Feature: When a cyclone hits

When Cyclone Trevor impacted the NT coastline in March 2019, residents in a string of communities likely to be affected had already been advised to secure their homes and provide their animals with enough food and water for five days before evacuating.

The Emergency Management Branch worked closely with other NT Government agencies in the Emergency Operations Centre to deliver a coordinated response.

The department’s Director Infrastructure, Major Projects and Emergency Management, Jessica Arnold, said the success of the response was the result of a collaborative approach.

“We led the animal welfare component of the response, with around 15 staff working with local councils and vets, including one from Animal Management in Rural and Remote Indigenous Communities, and Police and Emergency Services,” Jessica said.

“Cooperation with our key stakeholders began well before the cyclone arrived and we worked closely with industry organisations to advise people of the risks to animals beforehand.”

Thankfully, the impacts of Cyclone Trevor were not wide ranging and, within a day of its passing, the First Response Team was able to provide food and water to animals in all affected communities except one, which had been declared unsafe due to live power lines.

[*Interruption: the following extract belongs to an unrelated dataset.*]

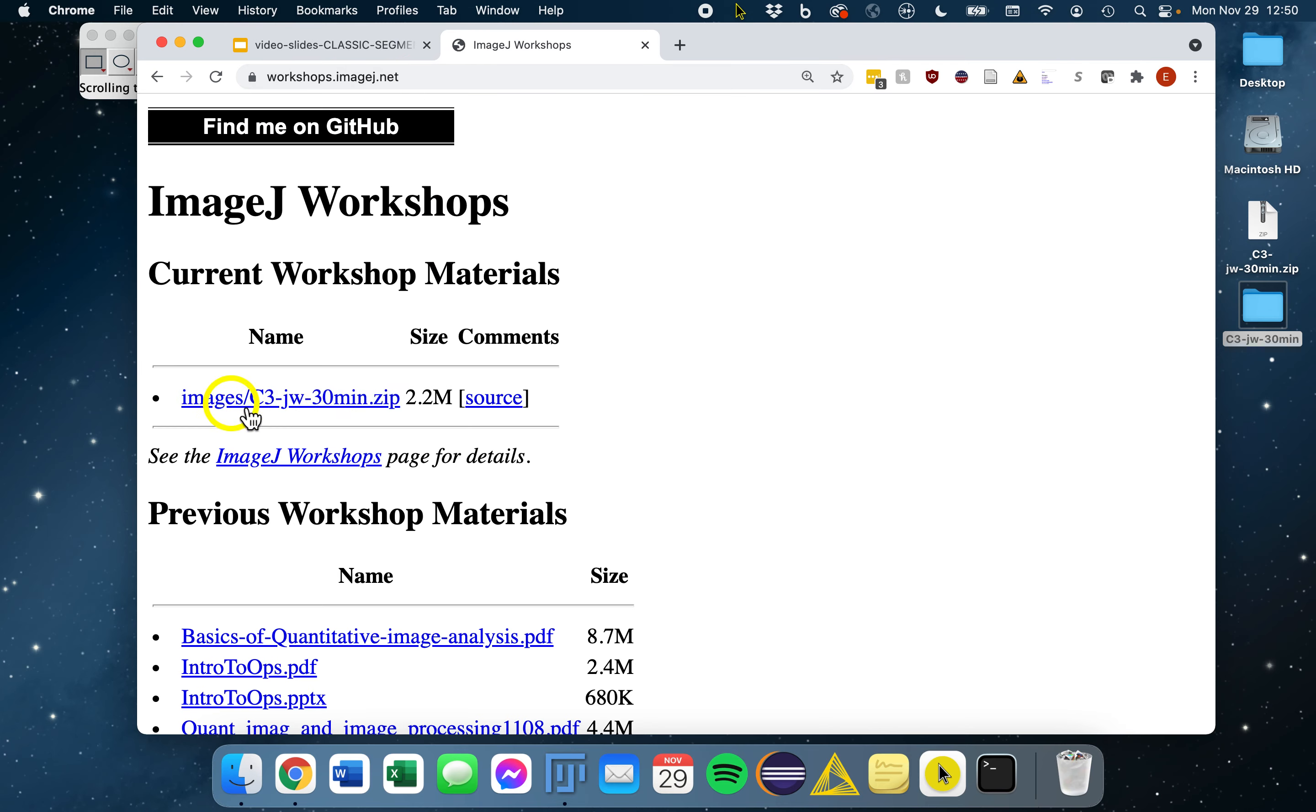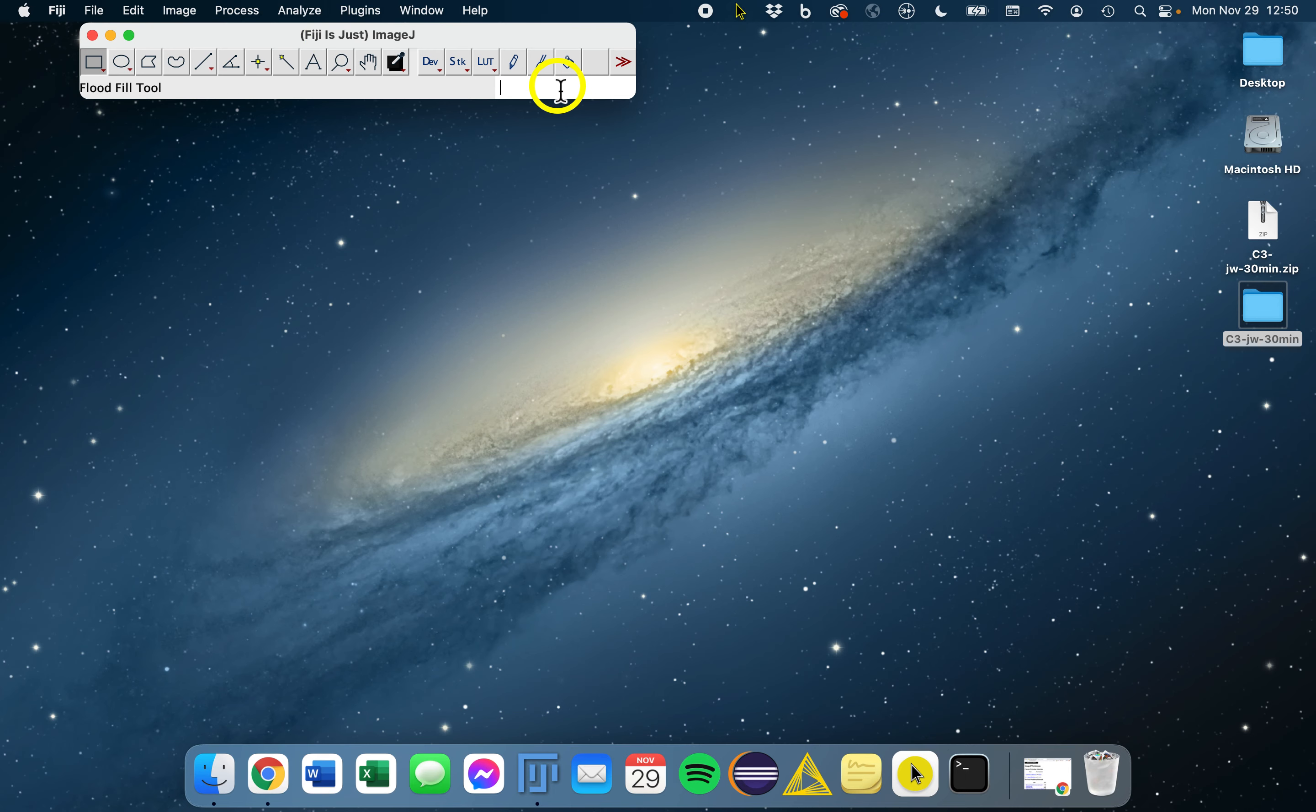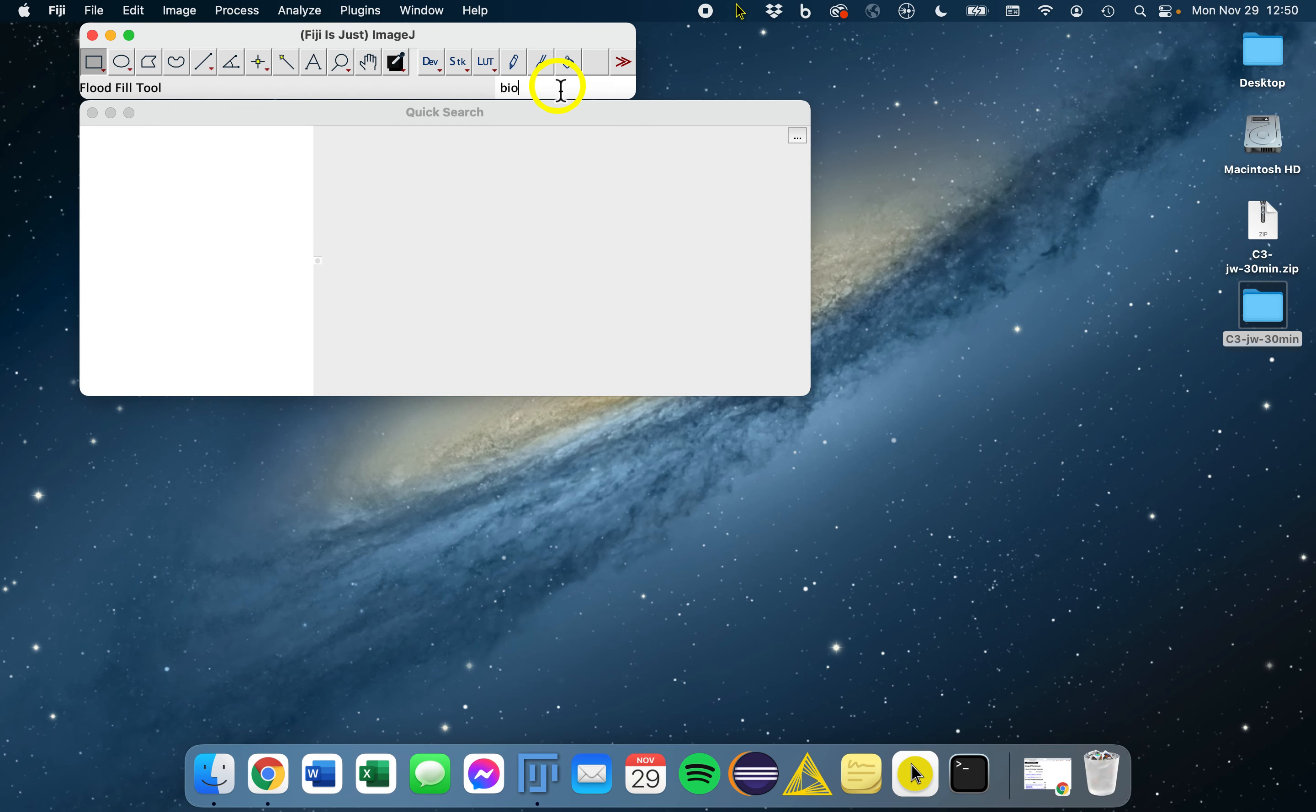Download the top zip folder that's found here, the C3JW 30-minute zip file, and unpack it. Then we will open our example image using bioformats.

The response also included an aerial survey of the Gulf of Carpentaria to search for injured marine life that may been washed ashore during the storm surge. Fortunately there were no injured animals observed.

The animal welfare response to Cyclone Trevor was a huge achievement and the team’s dedication, skill and knowledge was instrumental in the successful care of a range of creatures, from dogs and pigs to livestock and horses.